How does a meek and quiet woman direct a community of 3,300 girls in the midst of a pandemic that sent all of Chalco’s teachers home? More than half of her employees are still quarantined at home. How does she manage the depletion of staff, resources and convenience?
“[The Virgin] Mary is the Superior and Director,” she said, echoing Fr. Al’s words. “I understand that, but on a human level it was hard for me to grasp. It was a tense feeling handing it all over to Mary. I realized, though, that I could take care of nothing by myself. Mama Mary really is in charge. It finally began to set in with me.
“There are difficulties now, but I’ve learned that all difficulties can be solved by following Fr. Al’s method. He always consulted with the Sisters and listened to different opinions. So that is what I’ve been trying to do.”
Sr. Hortencia was deeply impacted by Fr. Al’s radical witness of obliging the Virgin of the Poor. She sees a providence in his decision to leave Belgium for the poorest of the poor in Busan, South Korea and to alas touch down in her native land.
“Mexico is the “unfinished symphony” of Fr. Al. And since I’m Mexican, it is important to me to try to carry out his dream the best that I can. The dream of Fr. Al is my own dream. It is all the Sisters of Mary’s dream.”
Sr. Marinei Ferreira dos Santos, 40, from Niquelandia Brazil
A curtain of awkward silence dropped, and the dogs barking in the countryside were the only sound as the Brazilian Sister struggled to pull a cross from her soul.
Someone asked Sister Marinei (pronounced Mar-en-ae) what she had yet to die to. Her hesitant eyes told distinctly different stories: her self-consciousness at being caught in the teeth of a perceived weakness and of her desire to fully expose it. The distant barks seemed to grow louder.
Finally – “I am sensitive,” she whispered with the awkward smile of a kindergartner at her first picture-taking. “And I know I must give that up, too.
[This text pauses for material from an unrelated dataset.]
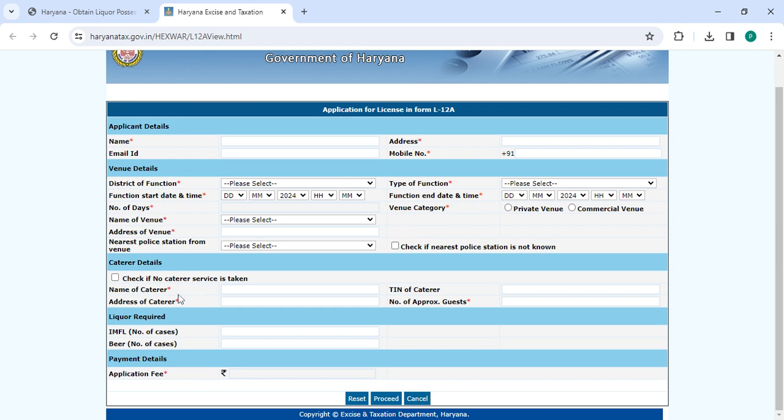Enter the name of the category, address of category, TAN, category number of approach list. Then you want to enter the application fees. Once you enter all the details, please click on the proceed button.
My thoughts, my hurts – it is all nothing. I must die to everything to be filled with Christ.
“To live poverty means that I must accept a certain death … now, it is not easy for me [Sr. Marinei laughs as the tension in the room loosens], but I know I need to die several times a day. I need to leave behind everything that I am.”
Sr. Marinei is an aberration, like the odd black sheep within a universe of ivory-white flocks. She is not one of them. The cheery-eyed Sister didn’t come up within the ranks. More than 90 percent of the Sisters of Mary congregation are former students and long-time members of the community. So in a way, St. Marinei is a humble, dimly-lit star in Chalco, Mexico.
The work of the Sisters is extraordinarily difficult; most aspirants from the outside simply fade away at some point in formation. But Sr. Marinei stuck. Her desire to suffer for the poor became more powerful than her desire to quit.
From the very beginning of her life in her small central Brazilian village of Niquelandia, she pushed onward when others warned her to slow down. “I explored other communities [of Sisters]; the Oblates, the Franciscans and some others, but when I learned that the Sisters of Mary served poor children, I wanted to go that way,” she said. “When two Sisters visited me at my church one day to invite me, I was told by my [pastor] to relax. That all of this needed to be discussed, that it wasn’t good to go so fast.”
Her parents, friends and family members shared the priest’s concerns. Finally, Sr. Marinei reached out to her local ordinary, Bishop Agostinho Marochi. He smiled – Marinei – you go to the poor children.
“”So I went … but even if he said ‘No’ like the rest, I think I would have gone,” she said in an explosion of laughter. “The Sisters of Mary are different from every other congregation. I knew when I left to join them that I also had to leave my family and friends behind.
“But that is the Gospel – I leave everything – mother, father, all that I have. This is what Jesus asks of me. It is difficult, but these difficulties are great gifts. Because they allow me to offer myself fully to Him.